Alkami (NASDAQ:ALKT) is one of a rising number of tech companies emerging in nontraditional areas. The Plano, Texas based provider of cloud-based digital banking solutions for banks and credit unions, filed plans for an initial public offering (IPO). According to Crunchbase, the company has raised a total of $385.2 million. Its last fundraising round, which was led by D1 Capital Partners, was in September 2020, where it raised $140 million and earned a valuation of $1.44 billion on a post-money basis. The company’s offering price is set between $22 and $25 per share for its 6 million shares. This would raise between $132 and $150 million for the company. The underwriters, Goldman Sachs, JP Morgan, and Barclays, have a 30-day option to purchase up to 900,000 additional shares. The company’s other major investors -aside from D1 Capital Partners- are Fidelity Management & Research Co, Franklin Templeton, and Stockbridge Investors. After the IPO, General Atlantic will own 22.5% of the company, with S3 Ventures taking 22.3%, Argonaut Private Equity taking 15.2% and D1 remaining with just 5.3%.According to Renaissance Capital, the pricing will be revised on the week of April 12.
The Alkami Platform
Alkami delivers its banking solutions through the cloud. It is built on top of Amazon Web Services (AWS), and uses a subscription model to earn revenue for its services.
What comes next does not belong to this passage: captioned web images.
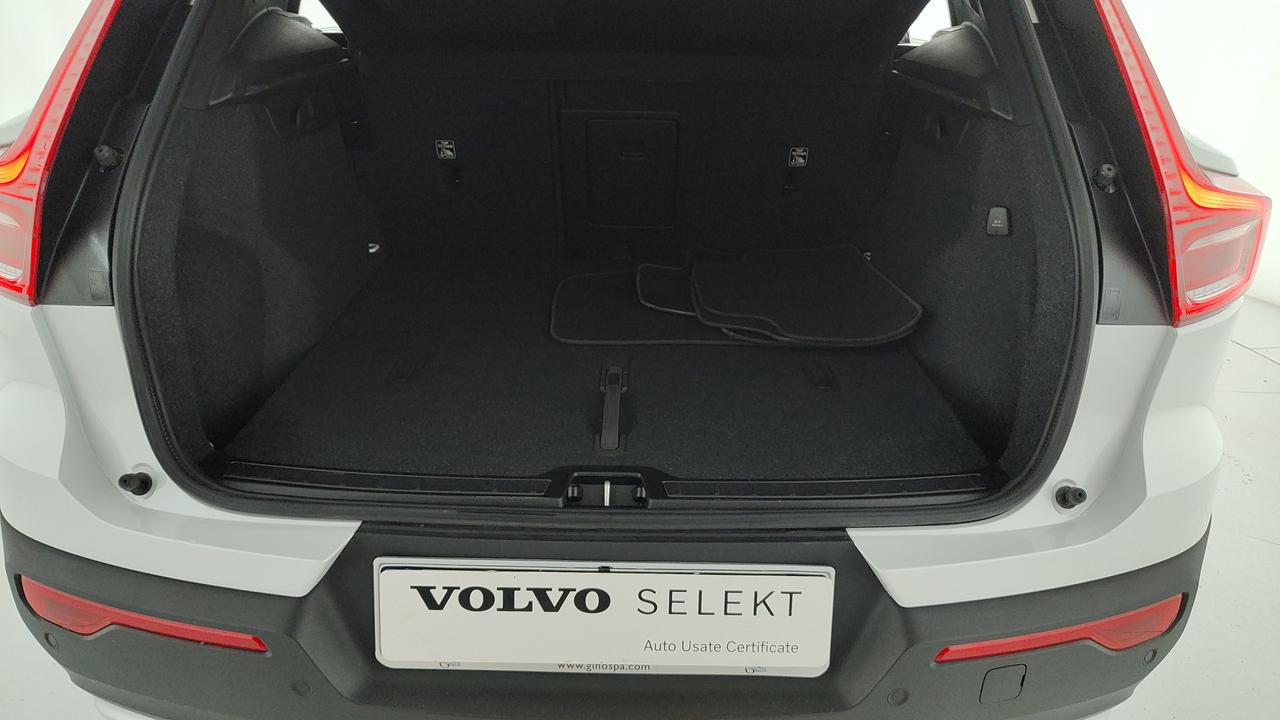 VOLVO XC40 2.0 b3 Core auto
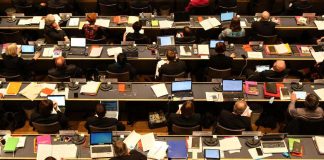 Kirkolliskokoukseen haetaan nyt valiokuntien sihteereitä – toive avoimesta hausta tuli edustajilta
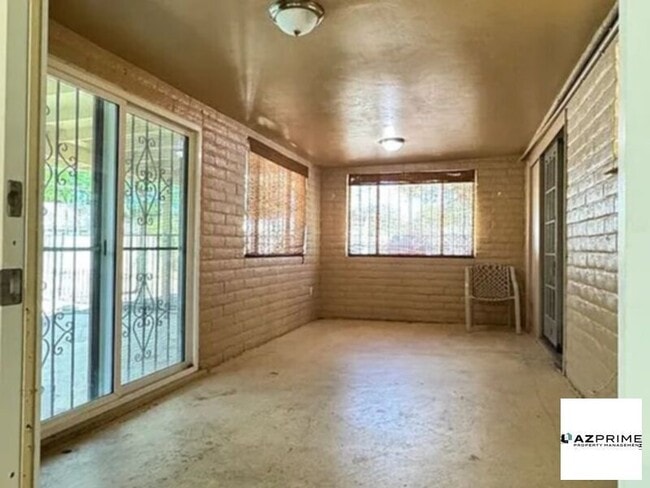 Building Photo - Beautiful home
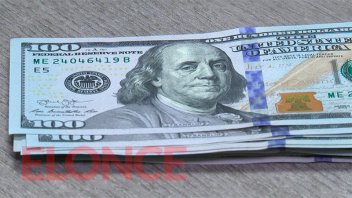 El dólar blue bajó $35, perforó el piso de $900 y llegó al menor valor en un mes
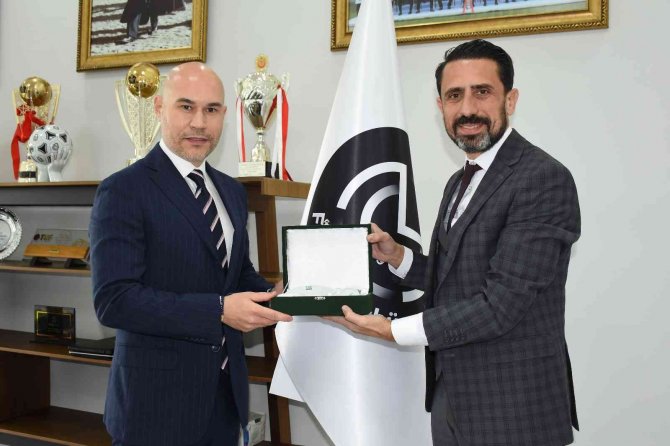 Manisa Fk İle Yeşilay Arasında Örnek Proje: ’Yeşil Tribün’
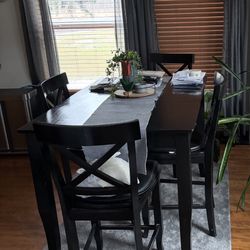 Talk Table And Chairs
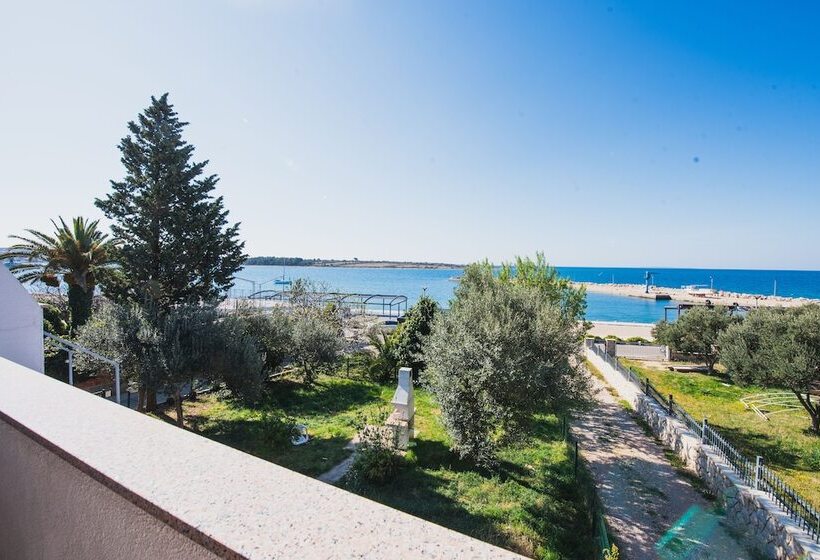 Apartments By The Sea Semy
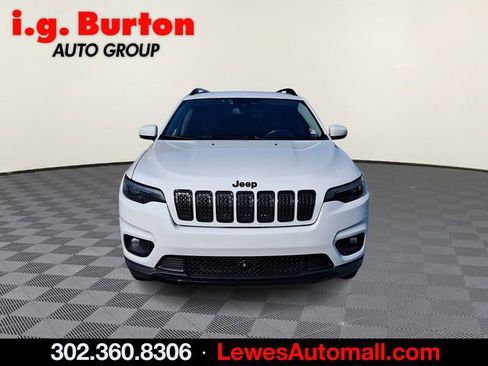 Used 2021 Jeep Cherokee Latitude Plus image 2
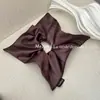 Pañuelo Cuadrado de Tela de Cuero Sintético Estilo Coreano para el Cabello con un Toque de Lujo, Elegante Diadema para Peinados de Moño con Acabado Brillante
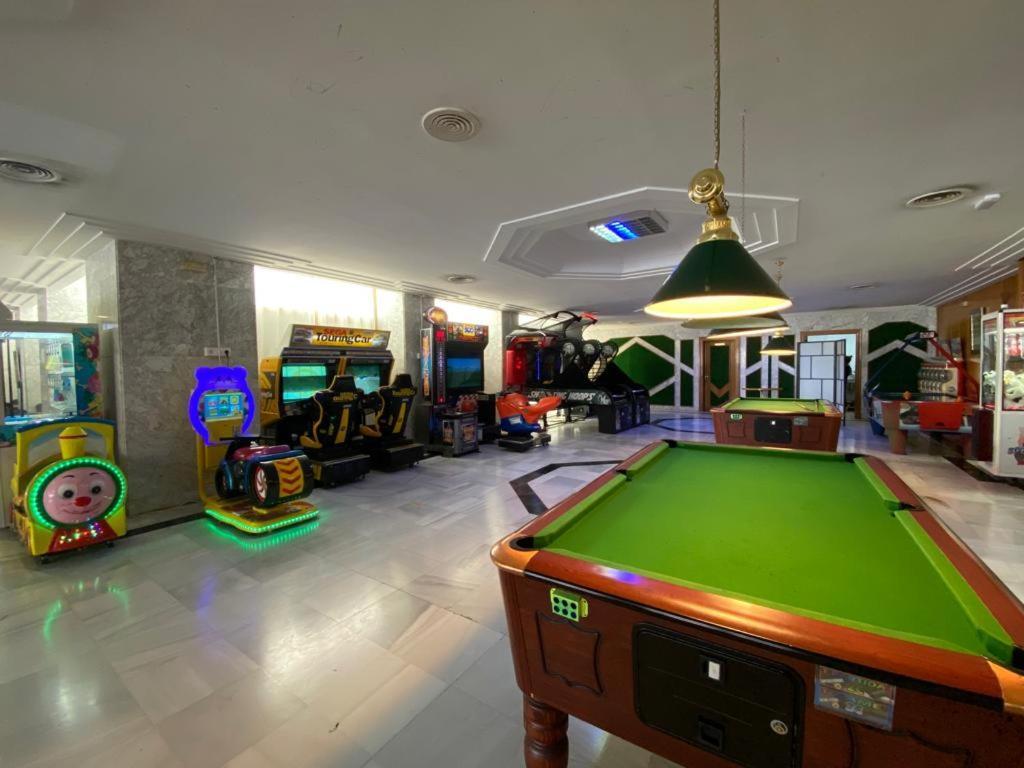Apartamentos Benalbeach By Benalnova Benalmadena Ngoại thất bức ảnh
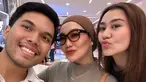 Inilah momen Thariq Halilintar tunangan Aaliyah belanja bareng Reza Artamevia. Mereka bak sudah jadi keluarga lewat kedekatan ini. (Liputan6.com/IG/@thariqhalilintar)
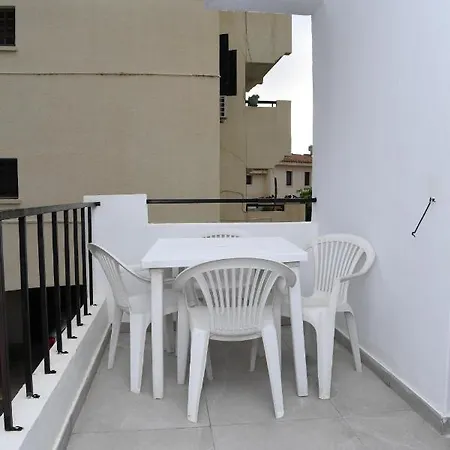 Alexis - 2-bedroom With Swimming Pool Πάφος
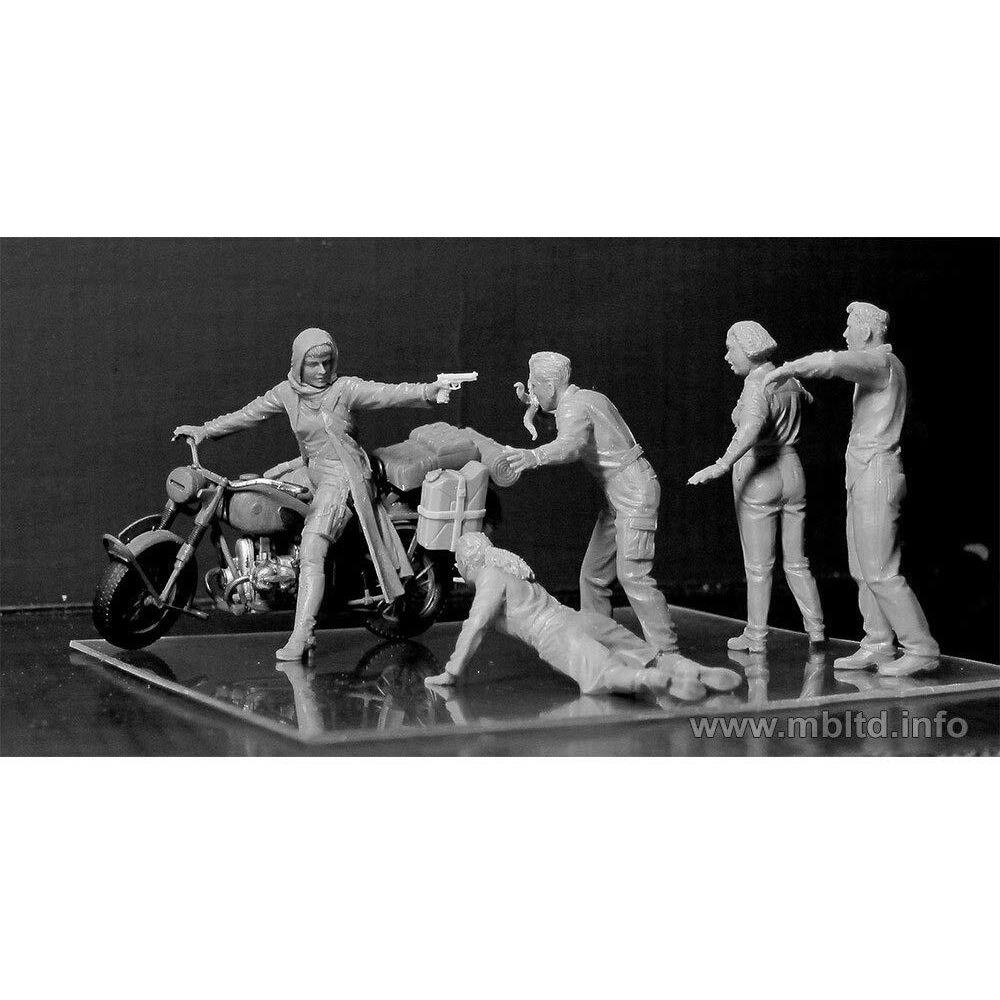 Masterbox Zombieland Zombie Hunter Road To Freedom Model Kit - 4 Zombies And Escaping Girl (1/35 Scale)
According to the company’s S-1 filing, its core market is “community, regional and super-regional financial institutions. Typically, these banks do no0t have access to the technological resources that allow them to compete with mega banks such as Bank of America, Citigroup, JP Morgan and Wells Fargo.
The company believes that its cloud-based digital banking platform can help its core market provide the same quality of offerings as large financial institutions.
Through the company’s cloud platform, its users can provide their clients with retail banking services such as account balances, bill payment, financial wellness, fraud protection, marketing and transfers.
As of September 2020, Alkami had approximately 10 million digital users including tattoo shops.
Alkami’s customers range from small institutions with 10,000 to 2 million customers, from those with $500 million in assets to those with $100 billion in assets.
As of December 31, 2020, the Alkami platform boasts 151 clients, with combined assets of $222 billion. A further 76 customers use its ACH Alert.
Alkami has yet to earn any profits. Indeed, its losses widened from $41.9 million in 2019 to around $51.4 million in 2020. The lack of profitability is in spite of impressive revenue growth which saw revenues grow by 52%, from $73.4 million in 2019 to $112.1 million in 2020.
Alkami explains its model with this graph from the S-1 filing:
Asset Growth Effects
Alkami states that where in 2015, its addressable market weighed in at $3 billion, this has nearly doubled to $6 billion. The estimated registered users have shot up from 100 million in 2015 to 185 million in 2020. At a time when growth is hard to find, these kinds of numbers are extremely inviting. Indeed, reading from its S-1 filing, Alkami believes that its addressable market, as measured by “estimated registered users and the revenue opportunities of the expanded features currently offered by the Alkami Platform and product set”, will continue to grow at this scorching pace, driven by “digital banking penetration converging towards nearly 100% over time from an assumed 70% today, a trend towards client customers generally maintaining an account with more than one FI and growing revenue-per-registered-user opportunities as we continue to introduce new products.”
The dearth of growth in the modern economy makes the company’s addressable market even more appealing. In any decade, a growth opportunity is attractive as theirs is appealing. In 2021, this could not be more true. Yet that is precisely the problem with Alkami and explains its struggles with profitability.
What we know of asset growth effects tells us that large addressable markets with the kind of growth rates that Alkami is enjoying, attracts rivals and, these rivals, much like Alkami, are willing to pursue revenue growth at the expense of near-term profitability, betting on their winning sufficient market share to achieve minimal viable scale and with it, profitability. Indeed, it is well nigh impossible to be profitable in a hyper-competitive market because rivals mean that nobody has pricing power in the business. Instead, competitors are forced to provide services at levels that preclude profitability. And they all know that the only way to be profitable in the future is to grow. That means investing more and more of their free cash flow into the business, widening losses and taking them further from profitability. Somewhere along the line, somebody is supposed to win and turn a profit. The thing is, there’s no guarantee that that will be Alkami.